Source records
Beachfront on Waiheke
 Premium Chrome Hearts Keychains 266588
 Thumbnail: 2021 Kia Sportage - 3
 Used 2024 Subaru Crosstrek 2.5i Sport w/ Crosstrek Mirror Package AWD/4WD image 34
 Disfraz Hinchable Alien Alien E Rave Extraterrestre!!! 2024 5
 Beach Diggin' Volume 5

▶ **EXERCISE PROMPT**
Starting at the line that contains "Disfraz Hinchable Alien" and ending at the last line of the data, repeat each line exactly; include nothing else.

▶ **RESPONSE TO THE EXERCISE**
 Disfraz Hinchable Alien Alien E Rave Extraterrestre!!! 2024 5
 Beach Diggin' Volume 5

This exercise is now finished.